More than 80 million people tuned in on Monday night to see the first presidential debate between Hillary Clinton and Donald Trump, making it the most-watched debate in American history.
While the final numbers are still being tallied by Nielsen, the debate averaged a total of 80.9 million viewers across 12 of the channels that carried it live, according to CNN.
Nielsen traditionally measures viewers who watch via traditional TV at home, meaning people who watched the debate at parties, bars, restaurants, and offices were not counted.
The 80.9 million viewer total also does not include PBS and C-SPAN, nor does it include the millions who watched the debate via the Internet.
Various live streams of the debate on YouTube together registered more than 2.5 million simultaneous viewers. Live streams on other sites also reached millions of people, according to CNN, meaning the actual total audience is significantly higher than 80 million.
Nielsen data confirms that viewership stayed high the entire time. Contrary to some speculation, there was not a big drop-off after the first hour of the 98-minute debate.
The debate viewership number to beat was 81 million, set back in 1980, when Jimmy Carter and Ronald Reagan debated just once before the election.

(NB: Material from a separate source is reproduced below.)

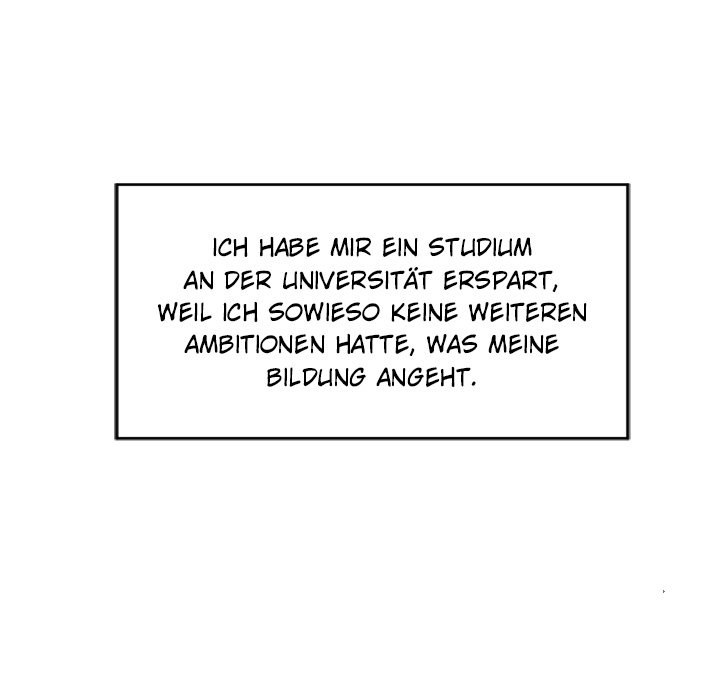 Taxi, bitte! - episode 1 - 26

62% of Americans who watched the debate believe Clinton won, with just 27% saying Trump emerged victorious, according to a CNN/ORC poll published hours after the debate.
A Public Policy Polling (PPP) survey also showed most Americans believe Clinton won the debate, albeit by a narrower margin. According to PPP, 50% of viewers say Clinton performed better, compared to 41% who say Trump came out on top.